# Any issues with CP soap at outdoor fairs?



## Best Natural Soap (Jul 15, 2010)

I need some advice about CP soap and outdoor summer craft shows. Do you have issues with it sweating or melting? How about issues with it getting "shop worn?" 
I'm trying to decide if I should totally shrinkwrap my bars to protect them or not... I like the look of "naked" bars the best, but am worried that they'll get manhandled and beat up from multiple shows. (although, if they sell quick enough, maybe that won't be a problem!). 
Also- has anyone had problems with labels absorbing moisture from their bars? I've been using a waterproof paper, but feel like I may be paying for something that's not necessary. 
Thanks, soap buds!!!!


----------



## opalgirl (Jul 15, 2010)

I do a farmer's market twice a month and have not had any troubles with sweating. (We'll see how Saturday goes though, very humid in the Midwest)  I only put out 3 bars of each scent and restock as needed.  Fortunately they get sold pretty fast so I haven't had any issue with getting handled too much (mine have a cigar band horizontally and vertically).  The only time I noticed my paper absorbing water was when it was raining.  Even though I hava tent it still felt like they were getting wet.  I packed up and left.  I didn't want to risk messing up my stock and having to re-label everything.


----------



## donniej (Jul 16, 2010)

I use wax paper bags, and the weather here in Philly has been *bruital* this year...  At 100% Humidity (inside, during the rain) the unpackaged bars will be covered in a thin layer of moisture.  They don't sweat or bead with water but you can see and feel a light coat of moisture.  

In dry weather approaching 100*F they do get a little soft but keeping shade on them seems to work fine.  I even had some melt & pour folks tell me that there soaps would have melted if they had them out.  

These effects are only on the samples I leave unpackaged for everyone to smell.  The packaged bars do not appear effected.  The labels, which I print on a small, commercial inkjet printer, also hold up just fine (unless they get rained on).


----------



## BakingNana (Jul 16, 2010)

I've been using a paper made from banana fiber and an inkjet printer, and I have some bars that have had the labels on them for almost a year and there isn't any transfer of anything to the paper so far.  I really didn't want to spend the money for waterproof labels, either.  I don't have any experience with having them out in the weather, although I've had more humidity this summer in my curing room than I like.  Still not having problems, though.  Knock on wood.

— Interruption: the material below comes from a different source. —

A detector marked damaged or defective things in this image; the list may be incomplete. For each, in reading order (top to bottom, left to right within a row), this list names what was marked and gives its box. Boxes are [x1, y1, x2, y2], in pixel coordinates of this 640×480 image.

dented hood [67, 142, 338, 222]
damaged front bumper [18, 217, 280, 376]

BSN, do you have an outdoor fair coming up soon?  Keep us posted!


----------



## Woodi (Jul 16, 2010)

I experienced all those things at some markets....depends on the weather, the humidity especially.

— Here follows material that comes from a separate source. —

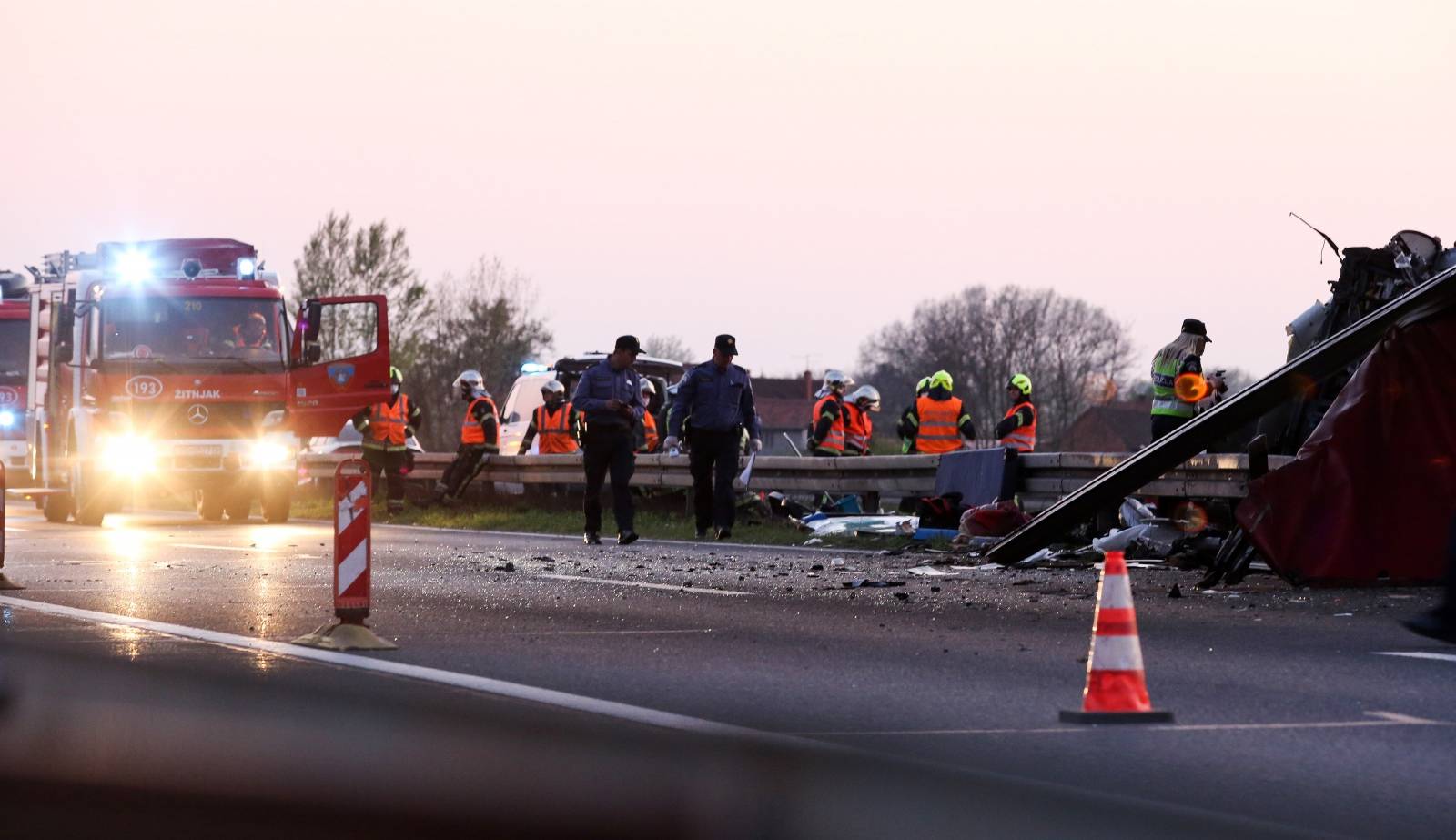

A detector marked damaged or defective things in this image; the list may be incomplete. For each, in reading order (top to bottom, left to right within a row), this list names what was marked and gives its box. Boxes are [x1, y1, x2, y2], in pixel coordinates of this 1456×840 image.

crumpled red vehicle [1238, 311, 1456, 586]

I didn't enjoy much that customers pick up any or every bar and stuff a corner of it into a nostril. One woman even handed a bar to her toddler in a stroller. I gasped, thinking the kid might suck on it. 

and then some people would pick up every scent just to sniff it, laugh and chatter and giggle a whole lot, walk away without buying any.

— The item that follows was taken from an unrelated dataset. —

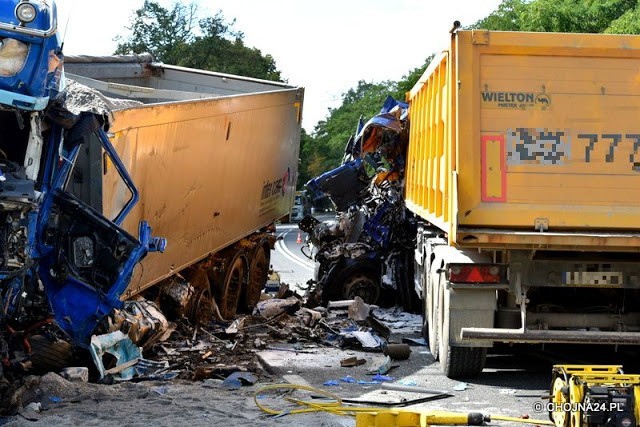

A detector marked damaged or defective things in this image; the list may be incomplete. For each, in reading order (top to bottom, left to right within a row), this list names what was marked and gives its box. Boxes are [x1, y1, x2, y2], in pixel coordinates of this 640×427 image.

wrecked blue truck cab [0, 0, 164, 382]
wrecked blue truck cab [302, 97, 420, 310] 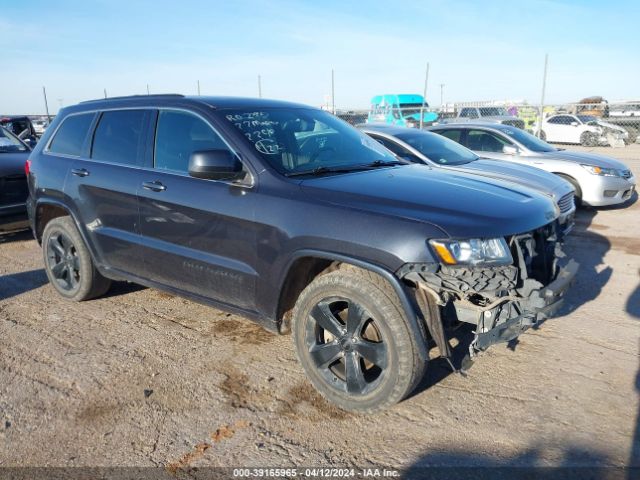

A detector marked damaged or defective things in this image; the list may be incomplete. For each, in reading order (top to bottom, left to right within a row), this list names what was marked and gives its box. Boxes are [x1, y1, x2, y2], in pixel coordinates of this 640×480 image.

It's a good opportunity to get to know your customers though, if you can do it without getting too disheartened at how uncaring people can be in handling someone else's property.

oh yes, and the ones who drop a bar in the grass and dirt, and just put it back, take a clean one to buy. :roll: 

at the end of my first day at an outdoor market I swore never to do another one, but then friends urged me....so I did a few more. Didn't much like the experience.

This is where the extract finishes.